[Short web captions]
■ ■ ■ ■ ■

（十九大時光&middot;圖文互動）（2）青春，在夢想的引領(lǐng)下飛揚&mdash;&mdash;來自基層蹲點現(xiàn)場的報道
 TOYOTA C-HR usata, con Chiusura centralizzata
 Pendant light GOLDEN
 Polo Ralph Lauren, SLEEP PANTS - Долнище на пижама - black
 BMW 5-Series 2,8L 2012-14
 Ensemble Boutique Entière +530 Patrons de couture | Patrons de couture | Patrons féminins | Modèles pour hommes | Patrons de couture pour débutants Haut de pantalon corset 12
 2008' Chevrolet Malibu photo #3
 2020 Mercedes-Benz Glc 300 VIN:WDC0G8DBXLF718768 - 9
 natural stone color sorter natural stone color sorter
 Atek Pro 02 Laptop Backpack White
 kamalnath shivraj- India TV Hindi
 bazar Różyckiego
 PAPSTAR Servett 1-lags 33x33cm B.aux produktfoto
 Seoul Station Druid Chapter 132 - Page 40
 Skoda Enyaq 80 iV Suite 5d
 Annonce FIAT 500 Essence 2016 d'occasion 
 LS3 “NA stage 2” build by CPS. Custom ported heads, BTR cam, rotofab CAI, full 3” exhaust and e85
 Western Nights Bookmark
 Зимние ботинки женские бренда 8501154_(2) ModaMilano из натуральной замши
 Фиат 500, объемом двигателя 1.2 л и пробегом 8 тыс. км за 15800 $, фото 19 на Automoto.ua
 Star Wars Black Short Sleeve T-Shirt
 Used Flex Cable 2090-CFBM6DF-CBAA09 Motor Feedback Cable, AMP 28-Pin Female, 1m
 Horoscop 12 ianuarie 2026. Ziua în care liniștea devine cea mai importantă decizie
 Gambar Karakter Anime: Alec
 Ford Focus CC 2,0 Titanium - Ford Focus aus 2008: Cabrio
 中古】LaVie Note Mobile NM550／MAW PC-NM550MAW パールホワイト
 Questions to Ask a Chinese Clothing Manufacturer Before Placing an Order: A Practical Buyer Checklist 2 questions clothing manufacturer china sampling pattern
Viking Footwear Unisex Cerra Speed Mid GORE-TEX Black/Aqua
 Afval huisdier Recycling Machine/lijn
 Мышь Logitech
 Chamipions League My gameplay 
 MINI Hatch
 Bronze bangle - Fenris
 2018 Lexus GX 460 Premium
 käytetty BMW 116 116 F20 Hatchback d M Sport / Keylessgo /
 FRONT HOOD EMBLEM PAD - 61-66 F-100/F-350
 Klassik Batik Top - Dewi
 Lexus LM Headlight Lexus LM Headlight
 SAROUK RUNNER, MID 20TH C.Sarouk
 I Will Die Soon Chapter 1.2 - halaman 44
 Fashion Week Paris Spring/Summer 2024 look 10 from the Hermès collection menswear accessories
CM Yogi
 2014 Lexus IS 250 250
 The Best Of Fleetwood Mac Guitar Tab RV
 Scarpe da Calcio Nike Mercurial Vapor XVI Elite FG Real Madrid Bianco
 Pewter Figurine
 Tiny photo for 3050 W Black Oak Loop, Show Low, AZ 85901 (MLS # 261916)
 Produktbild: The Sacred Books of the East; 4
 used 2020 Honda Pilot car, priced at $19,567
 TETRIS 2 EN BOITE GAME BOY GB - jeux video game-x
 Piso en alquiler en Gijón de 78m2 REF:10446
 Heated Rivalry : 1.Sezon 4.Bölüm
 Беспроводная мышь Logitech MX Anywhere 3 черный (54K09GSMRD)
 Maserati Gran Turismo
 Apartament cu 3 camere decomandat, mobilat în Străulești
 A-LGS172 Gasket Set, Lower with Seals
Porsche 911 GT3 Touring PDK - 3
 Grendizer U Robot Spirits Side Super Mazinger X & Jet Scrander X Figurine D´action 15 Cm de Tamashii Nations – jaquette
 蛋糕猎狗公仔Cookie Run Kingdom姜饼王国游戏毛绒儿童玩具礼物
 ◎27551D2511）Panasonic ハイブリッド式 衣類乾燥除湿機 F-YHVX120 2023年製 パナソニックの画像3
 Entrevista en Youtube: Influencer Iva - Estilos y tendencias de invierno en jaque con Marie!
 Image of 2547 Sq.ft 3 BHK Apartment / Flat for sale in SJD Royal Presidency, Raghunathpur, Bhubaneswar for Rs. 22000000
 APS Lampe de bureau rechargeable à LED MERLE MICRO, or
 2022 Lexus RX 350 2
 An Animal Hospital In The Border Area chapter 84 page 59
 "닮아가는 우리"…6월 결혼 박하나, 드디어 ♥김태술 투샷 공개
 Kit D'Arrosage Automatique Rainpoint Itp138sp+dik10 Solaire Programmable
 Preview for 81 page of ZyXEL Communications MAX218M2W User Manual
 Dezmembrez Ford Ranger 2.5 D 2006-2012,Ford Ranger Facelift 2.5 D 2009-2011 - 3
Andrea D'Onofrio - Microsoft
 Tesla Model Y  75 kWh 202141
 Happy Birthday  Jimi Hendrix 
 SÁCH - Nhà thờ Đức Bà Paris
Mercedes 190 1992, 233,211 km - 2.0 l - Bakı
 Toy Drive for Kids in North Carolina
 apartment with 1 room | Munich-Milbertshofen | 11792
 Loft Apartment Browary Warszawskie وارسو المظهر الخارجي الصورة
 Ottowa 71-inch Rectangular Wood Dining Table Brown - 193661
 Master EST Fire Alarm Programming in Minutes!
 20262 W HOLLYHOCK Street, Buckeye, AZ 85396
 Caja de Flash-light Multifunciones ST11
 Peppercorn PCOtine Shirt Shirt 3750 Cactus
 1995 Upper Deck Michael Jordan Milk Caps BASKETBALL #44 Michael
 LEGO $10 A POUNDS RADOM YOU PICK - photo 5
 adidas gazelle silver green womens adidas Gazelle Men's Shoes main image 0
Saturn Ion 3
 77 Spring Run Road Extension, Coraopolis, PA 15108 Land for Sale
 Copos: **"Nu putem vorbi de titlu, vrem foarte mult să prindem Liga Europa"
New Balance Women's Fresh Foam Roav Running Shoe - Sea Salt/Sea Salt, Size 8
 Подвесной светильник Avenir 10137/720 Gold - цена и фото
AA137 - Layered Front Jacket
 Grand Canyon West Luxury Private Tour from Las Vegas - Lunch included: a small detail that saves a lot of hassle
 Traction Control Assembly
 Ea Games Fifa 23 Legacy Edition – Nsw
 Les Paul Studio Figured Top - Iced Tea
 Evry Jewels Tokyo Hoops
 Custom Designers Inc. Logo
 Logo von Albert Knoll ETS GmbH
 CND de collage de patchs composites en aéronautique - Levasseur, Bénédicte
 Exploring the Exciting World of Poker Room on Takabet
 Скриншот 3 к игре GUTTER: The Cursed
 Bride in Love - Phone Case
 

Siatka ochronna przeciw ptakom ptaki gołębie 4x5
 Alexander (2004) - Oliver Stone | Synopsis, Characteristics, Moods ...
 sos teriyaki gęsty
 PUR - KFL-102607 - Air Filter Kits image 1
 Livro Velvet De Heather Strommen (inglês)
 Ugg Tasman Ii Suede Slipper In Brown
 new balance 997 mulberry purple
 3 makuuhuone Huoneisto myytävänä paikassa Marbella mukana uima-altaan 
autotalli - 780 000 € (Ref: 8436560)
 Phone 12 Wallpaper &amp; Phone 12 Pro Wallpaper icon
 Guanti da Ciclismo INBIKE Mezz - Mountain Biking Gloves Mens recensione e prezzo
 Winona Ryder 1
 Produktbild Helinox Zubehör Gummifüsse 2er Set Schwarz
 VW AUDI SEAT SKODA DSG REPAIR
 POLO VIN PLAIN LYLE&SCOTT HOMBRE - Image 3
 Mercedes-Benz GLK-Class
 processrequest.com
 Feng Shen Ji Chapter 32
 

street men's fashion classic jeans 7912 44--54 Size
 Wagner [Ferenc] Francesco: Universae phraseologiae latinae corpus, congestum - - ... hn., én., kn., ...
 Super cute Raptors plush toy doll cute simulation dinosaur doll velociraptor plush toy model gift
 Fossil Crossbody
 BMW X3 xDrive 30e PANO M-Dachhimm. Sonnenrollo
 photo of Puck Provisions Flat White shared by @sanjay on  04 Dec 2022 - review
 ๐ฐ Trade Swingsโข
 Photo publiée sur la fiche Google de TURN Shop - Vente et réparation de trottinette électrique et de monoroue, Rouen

■ ■ ■ ■ ■

What you return must be the lines above that run from the line with "Annonce FIAT 500 Essence 2016 d'occasion" to the line with "Questions to Ask", inclusive, each copied exactly.

#### [Exercise answer]
 Annonce FIAT 500 Essence 2016 d'occasion 
 LS3 “NA stage 2” build by CPS. Custom ported heads, BTR cam, rotofab CAI, full 3” exhaust and e85
 Western Nights Bookmark
 Зимние ботинки женские бренда 8501154_(2) ModaMilano из натуральной замши
 Фиат 500, объемом двигателя 1.2 л и пробегом 8 тыс. км за 15800 $, фото 19 на Automoto.ua
 Star Wars Black Short Sleeve T-Shirt
 Used Flex Cable 2090-CFBM6DF-CBAA09 Motor Feedback Cable, AMP 28-Pin Female, 1m
 Horoscop 12 ianuarie 2026. Ziua în care liniștea devine cea mai importantă decizie
 Gambar Karakter Anime: Alec
 Ford Focus CC 2,0 Titanium - Ford Focus aus 2008: Cabrio
 中古】LaVie Note Mobile NM550／MAW PC-NM550MAW パールホワイト
 Questions to Ask a Chinese Clothing Manufacturer Before Placing an Order: A Practical Buyer Checklist 2 questions clothing manufacturer china sampling pattern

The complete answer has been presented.